Presiden minta Kapolri tak lagi memakai kontak fisik untuk pembubaran massa.

 Polri terus menjadi sorotan. Bukan soal prestasinya yang cemerlang, tapi karena beberapa peristiwa kekerasan yang dilakukan anggotanya di lapangan yang berujung pada terenggutnya nyawa rakyat.

Dugaan kekerasan di Mesuji Sumatera Selatan dan Lampung belum selesai diusut, tapi raktik kekerasan oleh aparat kembali muncul. Yang terbaru, pembubaran blokade warga di Pelabuhan Sape, Bima, Nusa Tenggara Barat pada Sabtu 24 Desember 2011, yang menuntut pencabutan izin eksplorasi tambang emas di daerahnya.

Cara kekerasan sepertinya kembali digunakan dalam menghadapi tuntutan anak bangsa itu. Rakyat kembali bersimbah darah, dihantam popor senapan dan dihujani peluru. Dua orang kehilangan nyawa, 47 lainnya diseret dan dijebloskan ke dalam tahanan, dijadikan tersangka.

Aksi kekerasan ini membuat Presiden Susilo Bambang Yudhoyono angkat bicara. Pucuk pimpinan pemerintah itu meminta Kapolri Jenderal Timur Pradopo menghentikan segala bentuk kekerasan yang dilakukan anak buahnya di lapangan.

“Presiden telah meminta Kapolri menghindari segala bentuk kekerasan atau kontak fisik, apalagi dalam pembubaran massa yang melakukan aksi demonstrasi,” kata Julian di Kantor Presiden, Jakarta, Selasa 27 Desember 2011. “Itu disampaikan pada saat Kapolri melaporkan insiden Bima beberapa hari yang lalu.”

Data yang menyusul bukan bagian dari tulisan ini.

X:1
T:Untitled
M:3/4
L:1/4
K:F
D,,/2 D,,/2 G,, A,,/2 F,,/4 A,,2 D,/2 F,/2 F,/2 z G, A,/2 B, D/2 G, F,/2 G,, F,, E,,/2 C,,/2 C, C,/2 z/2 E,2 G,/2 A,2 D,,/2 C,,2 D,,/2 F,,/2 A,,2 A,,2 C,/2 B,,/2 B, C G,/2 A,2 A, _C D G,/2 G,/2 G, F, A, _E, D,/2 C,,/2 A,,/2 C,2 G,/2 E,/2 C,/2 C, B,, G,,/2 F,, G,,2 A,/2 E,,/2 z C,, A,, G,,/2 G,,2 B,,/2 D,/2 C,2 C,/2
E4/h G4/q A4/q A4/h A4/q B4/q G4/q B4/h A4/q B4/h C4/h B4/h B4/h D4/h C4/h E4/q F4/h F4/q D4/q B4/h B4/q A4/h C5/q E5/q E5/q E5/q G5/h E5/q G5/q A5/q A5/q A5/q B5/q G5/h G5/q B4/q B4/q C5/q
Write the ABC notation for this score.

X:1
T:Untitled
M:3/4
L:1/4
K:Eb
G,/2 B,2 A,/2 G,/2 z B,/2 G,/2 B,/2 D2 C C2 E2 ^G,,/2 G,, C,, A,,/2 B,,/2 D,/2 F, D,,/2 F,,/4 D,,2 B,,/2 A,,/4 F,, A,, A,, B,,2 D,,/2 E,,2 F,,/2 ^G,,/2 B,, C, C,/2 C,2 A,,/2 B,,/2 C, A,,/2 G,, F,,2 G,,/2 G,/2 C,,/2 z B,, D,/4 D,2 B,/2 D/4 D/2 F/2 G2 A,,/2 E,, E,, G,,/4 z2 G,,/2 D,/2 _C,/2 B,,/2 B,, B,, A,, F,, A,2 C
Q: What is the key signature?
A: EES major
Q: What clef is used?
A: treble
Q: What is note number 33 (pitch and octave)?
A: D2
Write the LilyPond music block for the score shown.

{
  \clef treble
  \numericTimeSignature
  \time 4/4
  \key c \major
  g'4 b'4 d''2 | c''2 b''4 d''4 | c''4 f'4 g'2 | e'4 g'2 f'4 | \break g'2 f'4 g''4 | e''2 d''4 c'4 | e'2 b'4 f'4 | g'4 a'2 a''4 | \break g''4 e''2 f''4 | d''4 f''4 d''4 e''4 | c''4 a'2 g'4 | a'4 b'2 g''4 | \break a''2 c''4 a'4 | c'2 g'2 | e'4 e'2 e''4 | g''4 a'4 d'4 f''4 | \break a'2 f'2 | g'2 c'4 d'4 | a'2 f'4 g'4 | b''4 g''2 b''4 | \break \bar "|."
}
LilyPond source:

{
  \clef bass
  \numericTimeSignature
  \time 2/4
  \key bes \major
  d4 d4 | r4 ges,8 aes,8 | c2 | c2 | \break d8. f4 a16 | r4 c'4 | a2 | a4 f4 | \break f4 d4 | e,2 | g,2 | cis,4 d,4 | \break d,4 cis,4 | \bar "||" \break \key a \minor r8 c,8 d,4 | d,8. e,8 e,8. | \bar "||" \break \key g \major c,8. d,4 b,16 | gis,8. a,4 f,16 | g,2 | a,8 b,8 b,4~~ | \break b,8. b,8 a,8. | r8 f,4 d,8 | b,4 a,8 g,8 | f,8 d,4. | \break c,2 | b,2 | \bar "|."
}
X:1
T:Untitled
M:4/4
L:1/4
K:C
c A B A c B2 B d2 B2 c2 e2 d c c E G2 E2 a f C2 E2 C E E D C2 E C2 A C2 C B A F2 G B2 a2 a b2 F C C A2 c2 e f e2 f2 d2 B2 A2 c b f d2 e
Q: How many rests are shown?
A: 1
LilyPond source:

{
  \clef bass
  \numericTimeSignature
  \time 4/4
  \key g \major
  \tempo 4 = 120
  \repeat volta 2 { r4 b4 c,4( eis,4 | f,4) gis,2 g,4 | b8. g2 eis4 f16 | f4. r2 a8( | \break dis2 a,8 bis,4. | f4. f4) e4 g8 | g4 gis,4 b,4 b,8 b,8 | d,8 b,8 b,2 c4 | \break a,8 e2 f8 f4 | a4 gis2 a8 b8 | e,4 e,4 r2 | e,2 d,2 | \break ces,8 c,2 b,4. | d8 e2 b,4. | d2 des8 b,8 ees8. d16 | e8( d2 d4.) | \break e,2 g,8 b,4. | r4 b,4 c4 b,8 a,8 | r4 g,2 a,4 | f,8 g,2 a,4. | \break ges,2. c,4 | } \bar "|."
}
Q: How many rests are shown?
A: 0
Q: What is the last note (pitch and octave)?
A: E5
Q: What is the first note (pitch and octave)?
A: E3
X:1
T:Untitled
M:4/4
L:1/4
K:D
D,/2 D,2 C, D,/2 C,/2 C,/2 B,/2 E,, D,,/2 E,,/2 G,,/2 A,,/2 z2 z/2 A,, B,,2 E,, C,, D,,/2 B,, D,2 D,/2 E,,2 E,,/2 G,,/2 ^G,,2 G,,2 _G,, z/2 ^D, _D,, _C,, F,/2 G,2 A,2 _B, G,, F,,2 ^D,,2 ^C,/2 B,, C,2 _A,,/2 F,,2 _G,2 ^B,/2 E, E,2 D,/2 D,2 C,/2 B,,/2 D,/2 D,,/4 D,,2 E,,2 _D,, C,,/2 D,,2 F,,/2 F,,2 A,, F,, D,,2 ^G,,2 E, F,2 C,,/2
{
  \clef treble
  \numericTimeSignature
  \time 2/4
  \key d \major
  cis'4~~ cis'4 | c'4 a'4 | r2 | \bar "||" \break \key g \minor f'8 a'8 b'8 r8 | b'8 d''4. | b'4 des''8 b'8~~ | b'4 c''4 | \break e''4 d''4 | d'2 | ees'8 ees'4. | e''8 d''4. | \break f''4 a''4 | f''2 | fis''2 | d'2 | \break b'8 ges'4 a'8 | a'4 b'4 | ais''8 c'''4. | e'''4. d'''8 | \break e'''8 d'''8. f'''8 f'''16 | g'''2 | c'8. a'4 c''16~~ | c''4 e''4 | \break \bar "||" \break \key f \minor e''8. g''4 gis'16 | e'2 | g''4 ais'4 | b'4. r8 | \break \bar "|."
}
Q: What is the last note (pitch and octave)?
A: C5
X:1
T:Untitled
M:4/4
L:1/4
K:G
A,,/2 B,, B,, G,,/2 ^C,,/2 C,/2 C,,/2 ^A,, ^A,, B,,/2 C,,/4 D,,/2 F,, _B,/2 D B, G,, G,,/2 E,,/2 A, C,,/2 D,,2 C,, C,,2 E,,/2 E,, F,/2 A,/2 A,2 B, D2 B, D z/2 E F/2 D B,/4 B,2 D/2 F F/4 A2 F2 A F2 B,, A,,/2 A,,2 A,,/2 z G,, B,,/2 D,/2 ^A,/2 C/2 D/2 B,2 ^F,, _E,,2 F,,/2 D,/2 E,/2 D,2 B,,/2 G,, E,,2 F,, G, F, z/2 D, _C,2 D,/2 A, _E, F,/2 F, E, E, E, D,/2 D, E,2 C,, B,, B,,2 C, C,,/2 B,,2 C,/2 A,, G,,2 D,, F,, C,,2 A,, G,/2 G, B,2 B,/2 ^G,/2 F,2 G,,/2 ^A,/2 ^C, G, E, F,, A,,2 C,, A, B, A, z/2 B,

SBY juga meminta Polri mengusut tuntas dalang kekerasan itu. “Kalau memang benar bahwa aksi tersebut ada yang memprovokasi atau mendalangi, maka harus ditangkap, kemudian diproses atau diadili. Siapa pun dia yang berada di balik peristiwa yang mengakibatkan korban jiwa tadi,” ujar Julian.

Namun demikian, Julian meminta masyarakat tak serta-merta menyalahkan polisi. Julian meminta masyarakat memahami dinamika di lapangan. Polisi, katanya, memiliki prosedur tetap penanganan keamanan di lapangan.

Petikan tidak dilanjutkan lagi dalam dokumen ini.